*DATA*:
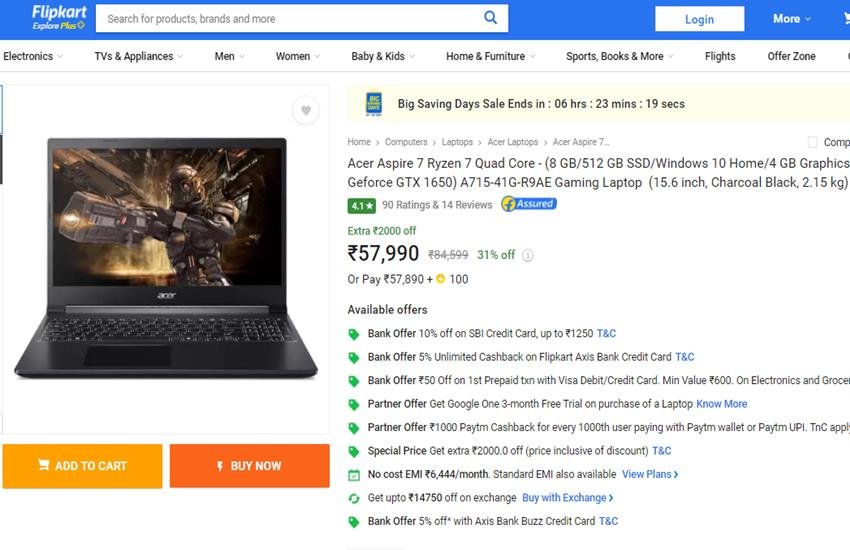 Flipkart Sale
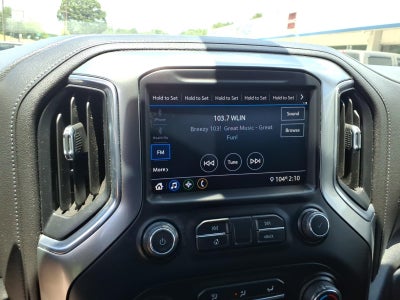 2019 Chevrolet Silverado 1500 LT Trail Boss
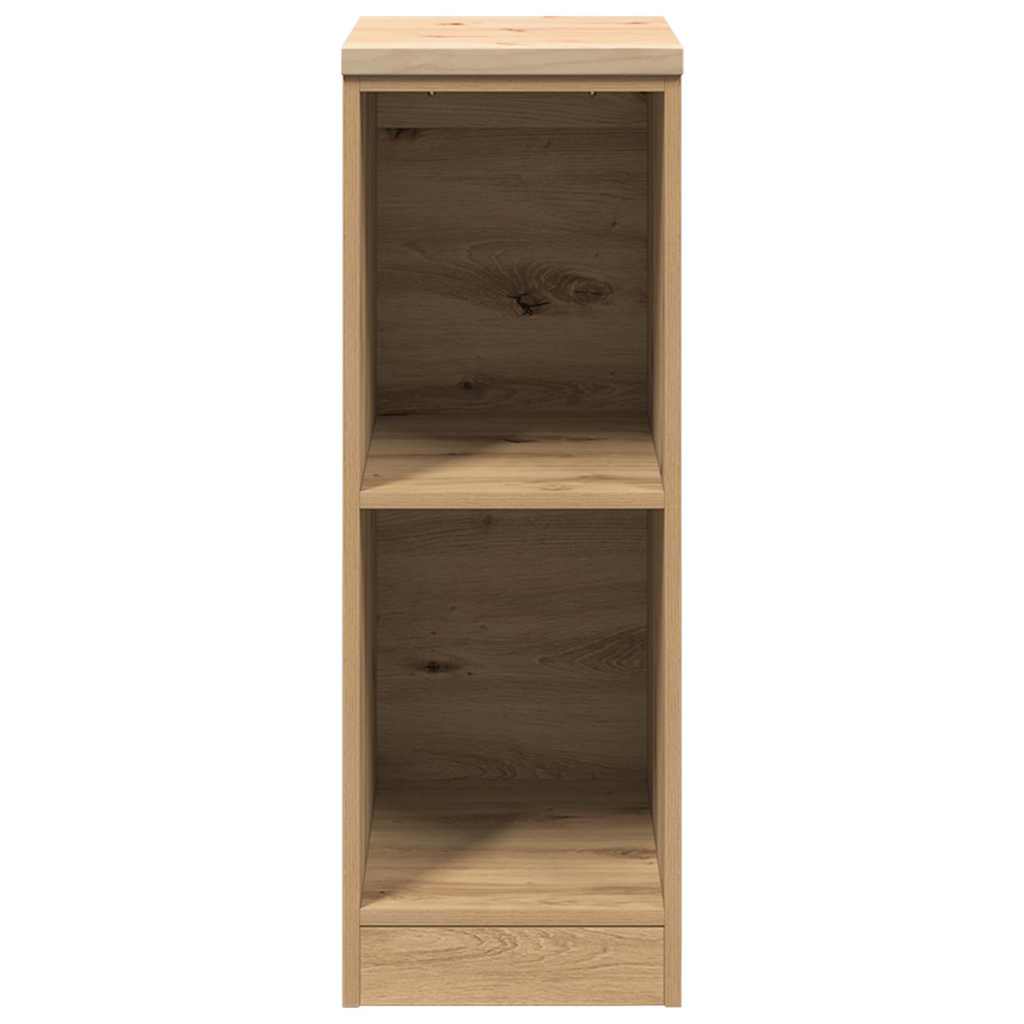Garažni ormar za odlaganje 30x51x85 cm masivne borovine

*WHAT NEEDS TO BE DONE*:
Omit the pictures and reproduce the remaining material above exactly.

*FINAL ANSWER*:
 Flipkart Sale
 2019 Chevrolet Silverado 1500 LT Trail Boss
Garažni ormar za odlaganje 30x51x85 cm masivne borovine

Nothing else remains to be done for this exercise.